Based on the key findings of our study, as discussed above, opportunities for interventions are present to improve guideline adherence in alignment with risk stratification for stroke prevention. Interprofessional health care teams can provide improved medical management of stroke prevention for patients with AF. These interprofessional health care teams should be constituted of primary care providers (physicians, physician assistants, and nurse practitioners), nurses (RN, LPN), and pharmacists (PharmD, RPh). Health care teams are not a new concept [3338] and typically such a team refers to two or more individuals, each with a specific role, working toward a common goal with concrete boundaries [35]. Frequently, health care teams work on complex tasks requiring a coordination of effort [3438]. In many instances developing a team approach to this type of care and medical management requires a culture shift in both specific practices as well as clinical professions [3439]. A more integrated team care approach could lead to better guideline adherence and subsequent reduction in actual strokes in patients with AF, leading to reduced morbidity and health care cost.
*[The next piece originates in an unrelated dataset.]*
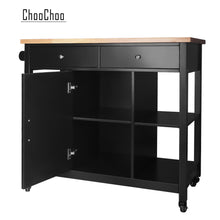 Load image into Gallery viewer, ChooChoo Kitchen Cart on Wheels with Wood Top, Utility Wood Kitchen Islands with Storage and Drawers, Easy Assembly
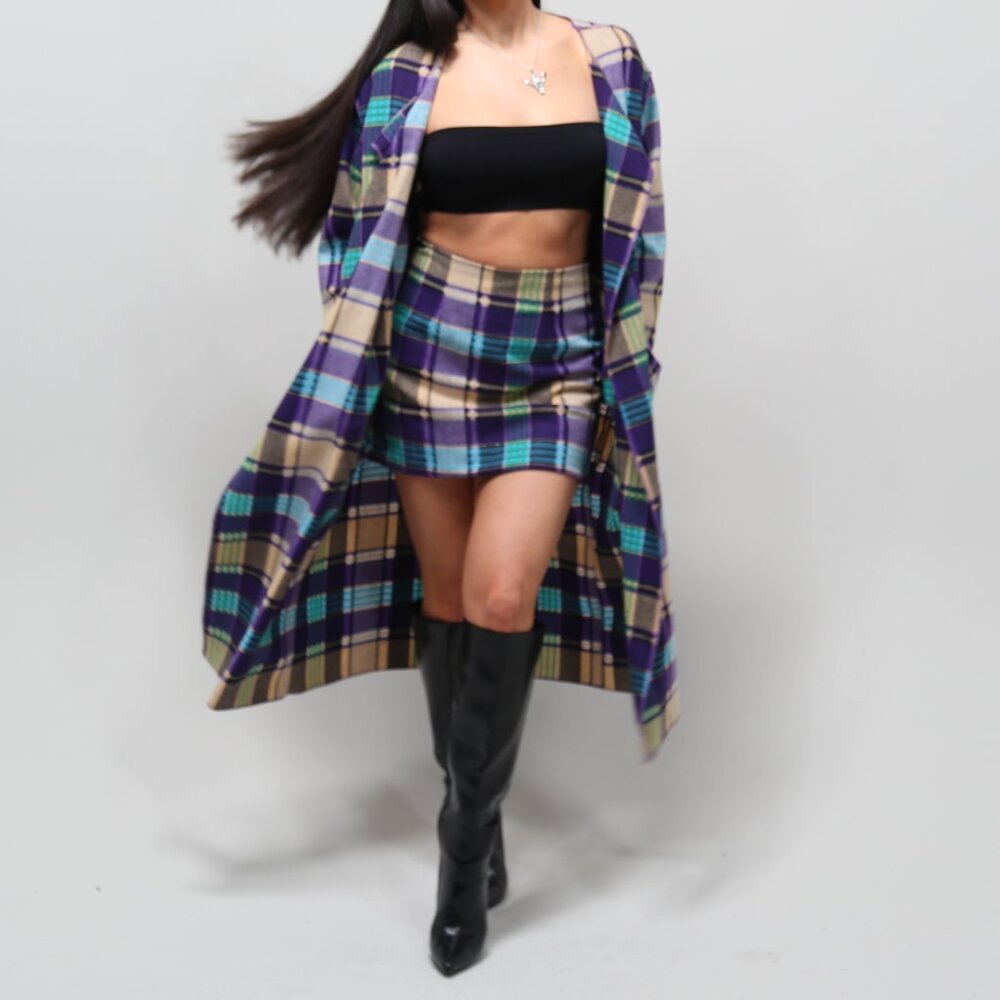 Purple Teal Plaid Long Coat & Mini Skirt Set – Statement Matching Set – Size S/M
Some clinicians [37] have noted that there has been a “quantum leap” in the complexity of tasks required of primary care such that physicians alone are no longer able to cope with the resulting wide scope of practice. This coupled with the ongoing demand for health care cost containment [37, 39, 40] has led to the exploration of primary care teams that include physician assistants and nurse practitioners. Moreover, a demand for better health care quality and safety has provided the opportunity for pharmacists to be included in primary care teams as health care givers with beneficial skills that complement those of physicians [3740]. There is growing evidence, around some chronic conditions such as diabetes, that interprofessional health care teams improve patient outcomes and contribute to contained health care costs [3740].

Limitations

There are some limitations to our study. For instance, using NAMCS data did not allow for any analysis that would detect prescriber bias. Furthermore, NAMCS data are not longitudinal and are only point-in-time single visit data. Hence, no continuity of care is captured that might provide an indication of changes over time regarding medication use or a broader overview of prescribing patterns for individual patients. Additionally, only a limited number of diagnoses are captured on the patient survey hence it is possible that not all instances of AF were identified. Another limitation is that the education status of the patients with AF were not recorded but instead the percentage of persons with a university education in the zip code was used as a proxy. Furthermore, not all contraindications to warfarin may have been identified. Also, because of the limited number of medications that can be listed on the patient data form, warfarin may have been under-reported on the medication list. Finally, different classifications of AF were not listed nor was the duration of disease.

Conclusions

This study underscores the importance of a comprehensive assessment of risk factors associated with stroke in patients with AF and the prescribing of warfarin. This is especially true for older (those ≥ 65 years), as well as female patients. Overall, warfarin appears to be under-prescribed for patients with AF. Given the benefit of warfarin use for those most at risk for ischemic stroke, our findings suggest that warfarin should be prescribed with closer adherence to guideline recommendations.